** Opening THE DATA block **

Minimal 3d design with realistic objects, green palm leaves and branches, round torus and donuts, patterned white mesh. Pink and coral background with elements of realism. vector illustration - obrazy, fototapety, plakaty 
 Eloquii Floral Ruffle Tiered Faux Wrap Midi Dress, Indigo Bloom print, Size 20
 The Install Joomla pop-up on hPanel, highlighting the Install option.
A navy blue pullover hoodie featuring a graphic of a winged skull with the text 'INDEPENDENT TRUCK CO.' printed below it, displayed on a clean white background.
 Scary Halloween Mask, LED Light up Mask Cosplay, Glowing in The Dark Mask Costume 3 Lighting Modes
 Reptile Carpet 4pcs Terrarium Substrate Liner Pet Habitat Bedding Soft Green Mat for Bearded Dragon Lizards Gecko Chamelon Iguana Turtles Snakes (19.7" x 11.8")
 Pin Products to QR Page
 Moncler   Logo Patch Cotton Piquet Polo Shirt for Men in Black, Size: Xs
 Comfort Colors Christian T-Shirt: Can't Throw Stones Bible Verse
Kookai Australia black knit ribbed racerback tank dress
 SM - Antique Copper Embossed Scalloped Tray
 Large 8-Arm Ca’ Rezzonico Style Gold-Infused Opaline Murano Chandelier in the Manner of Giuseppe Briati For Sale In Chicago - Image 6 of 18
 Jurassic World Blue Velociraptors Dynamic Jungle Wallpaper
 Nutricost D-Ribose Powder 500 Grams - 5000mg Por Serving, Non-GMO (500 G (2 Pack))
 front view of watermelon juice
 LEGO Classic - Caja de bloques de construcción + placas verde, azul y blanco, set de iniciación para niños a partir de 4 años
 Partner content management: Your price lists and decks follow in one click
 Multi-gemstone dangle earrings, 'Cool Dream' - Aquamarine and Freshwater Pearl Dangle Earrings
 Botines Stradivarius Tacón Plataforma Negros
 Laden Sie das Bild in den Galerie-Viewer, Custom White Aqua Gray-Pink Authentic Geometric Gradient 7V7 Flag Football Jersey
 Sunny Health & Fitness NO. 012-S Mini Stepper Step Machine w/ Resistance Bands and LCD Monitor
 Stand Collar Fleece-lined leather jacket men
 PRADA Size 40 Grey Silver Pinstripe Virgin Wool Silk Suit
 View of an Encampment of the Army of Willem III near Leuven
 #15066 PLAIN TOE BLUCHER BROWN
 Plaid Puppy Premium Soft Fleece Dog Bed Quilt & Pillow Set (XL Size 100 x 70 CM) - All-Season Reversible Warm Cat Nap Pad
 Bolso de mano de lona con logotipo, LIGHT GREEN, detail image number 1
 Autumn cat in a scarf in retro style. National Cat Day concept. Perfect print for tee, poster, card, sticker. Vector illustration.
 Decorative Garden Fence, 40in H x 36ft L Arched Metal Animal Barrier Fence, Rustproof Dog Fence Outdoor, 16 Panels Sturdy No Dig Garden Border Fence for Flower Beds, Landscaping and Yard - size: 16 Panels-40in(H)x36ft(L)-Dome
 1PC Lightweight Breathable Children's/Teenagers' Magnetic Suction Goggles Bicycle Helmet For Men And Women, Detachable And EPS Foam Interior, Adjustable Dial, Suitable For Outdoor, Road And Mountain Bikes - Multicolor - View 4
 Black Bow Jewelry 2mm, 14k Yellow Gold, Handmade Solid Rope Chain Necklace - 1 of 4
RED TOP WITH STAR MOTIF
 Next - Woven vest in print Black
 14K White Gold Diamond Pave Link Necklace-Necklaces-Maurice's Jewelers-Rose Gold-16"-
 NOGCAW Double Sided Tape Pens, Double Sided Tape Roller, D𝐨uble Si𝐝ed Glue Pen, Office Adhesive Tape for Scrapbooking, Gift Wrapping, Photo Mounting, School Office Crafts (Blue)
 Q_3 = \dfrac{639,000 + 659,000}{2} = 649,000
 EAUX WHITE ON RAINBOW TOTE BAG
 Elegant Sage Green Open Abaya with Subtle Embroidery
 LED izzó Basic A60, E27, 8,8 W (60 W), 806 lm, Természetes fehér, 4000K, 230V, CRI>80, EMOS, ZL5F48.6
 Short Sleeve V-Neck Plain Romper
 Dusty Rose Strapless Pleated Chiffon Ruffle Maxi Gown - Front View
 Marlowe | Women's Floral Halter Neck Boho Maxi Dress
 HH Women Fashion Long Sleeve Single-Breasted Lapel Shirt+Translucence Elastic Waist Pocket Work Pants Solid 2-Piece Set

** Closing THE DATA block **

TASK DETAILS:
Repeat the material in full, exactly as written.

YOUR RESPONSE:
Minimal 3d design with realistic objects, green palm leaves and branches, round torus and donuts, patterned white mesh. Pink and coral background with elements of realism. vector illustration - obrazy, fototapety, plakaty 
 Eloquii Floral Ruffle Tiered Faux Wrap Midi Dress, Indigo Bloom print, Size 20
 The Install Joomla pop-up on hPanel, highlighting the Install option.
A navy blue pullover hoodie featuring a graphic of a winged skull with the text 'INDEPENDENT TRUCK CO.' printed below it, displayed on a clean white background.
 Scary Halloween Mask, LED Light up Mask Cosplay, Glowing in The Dark Mask Costume 3 Lighting Modes
 Reptile Carpet 4pcs Terrarium Substrate Liner Pet Habitat Bedding Soft Green Mat for Bearded Dragon Lizards Gecko Chamelon Iguana Turtles Snakes (19.7" x 11.8")
 Pin Products to QR Page
 Moncler   Logo Patch Cotton Piquet Polo Shirt for Men in Black, Size: Xs
 Comfort Colors Christian T-Shirt: Can't Throw Stones Bible Verse
Kookai Australia black knit ribbed racerback tank dress
 SM - Antique Copper Embossed Scalloped Tray
 Large 8-Arm Ca’ Rezzonico Style Gold-Infused Opaline Murano Chandelier in the Manner of Giuseppe Briati For Sale In Chicago - Image 6 of 18
 Jurassic World Blue Velociraptors Dynamic Jungle Wallpaper
 Nutricost D-Ribose Powder 500 Grams - 5000mg Por Serving, Non-GMO (500 G (2 Pack))
 front view of watermelon juice
 LEGO Classic - Caja de bloques de construcción + placas verde, azul y blanco, set de iniciación para niños a partir de 4 años
 Partner content management: Your price lists and decks follow in one click
 Multi-gemstone dangle earrings, 'Cool Dream' - Aquamarine and Freshwater Pearl Dangle Earrings
 Botines Stradivarius Tacón Plataforma Negros
 Laden Sie das Bild in den Galerie-Viewer, Custom White Aqua Gray-Pink Authentic Geometric Gradient 7V7 Flag Football Jersey
 Sunny Health & Fitness NO. 012-S Mini Stepper Step Machine w/ Resistance Bands and LCD Monitor
 Stand Collar Fleece-lined leather jacket men
 PRADA Size 40 Grey Silver Pinstripe Virgin Wool Silk Suit
 View of an Encampment of the Army of Willem III near Leuven
 #15066 PLAIN TOE BLUCHER BROWN
 Plaid Puppy Premium Soft Fleece Dog Bed Quilt & Pillow Set (XL Size 100 x 70 CM) - All-Season Reversible Warm Cat Nap Pad
 Bolso de mano de lona con logotipo, LIGHT GREEN, detail image number 1
 Autumn cat in a scarf in retro style. National Cat Day concept. Perfect print for tee, poster, card, sticker. Vector illustration.
 Decorative Garden Fence, 40in H x 36ft L Arched Metal Animal Barrier Fence, Rustproof Dog Fence Outdoor, 16 Panels Sturdy No Dig Garden Border Fence for Flower Beds, Landscaping and Yard - size: 16 Panels-40in(H)x36ft(L)-Dome
 1PC Lightweight Breathable Children's/Teenagers' Magnetic Suction Goggles Bicycle Helmet For Men And Women, Detachable And EPS Foam Interior, Adjustable Dial, Suitable For Outdoor, Road And Mountain Bikes - Multicolor - View 4
 Black Bow Jewelry 2mm, 14k Yellow Gold, Handmade Solid Rope Chain Necklace - 1 of 4
RED TOP WITH STAR MOTIF
 Next - Woven vest in print Black
 14K White Gold Diamond Pave Link Necklace-Necklaces-Maurice's Jewelers-Rose Gold-16"-
 NOGCAW Double Sided Tape Pens, Double Sided Tape Roller, D𝐨uble Si𝐝ed Glue Pen, Office Adhesive Tape for Scrapbooking, Gift Wrapping, Photo Mounting, School Office Crafts (Blue)
 Q_3 = \dfrac{639,000 + 659,000}{2} = 649,000
 EAUX WHITE ON RAINBOW TOTE BAG
 Elegant Sage Green Open Abaya with Subtle Embroidery
 LED izzó Basic A60, E27, 8,8 W (60 W), 806 lm, Természetes fehér, 4000K, 230V, CRI>80, EMOS, ZL5F48.6
 Short Sleeve V-Neck Plain Romper
 Dusty Rose Strapless Pleated Chiffon Ruffle Maxi Gown - Front View
 Marlowe | Women's Floral Halter Neck Boho Maxi Dress
 HH Women Fashion Long Sleeve Single-Breasted Lapel Shirt+Translucence Elastic Waist Pocket Work Pants Solid 2-Piece Set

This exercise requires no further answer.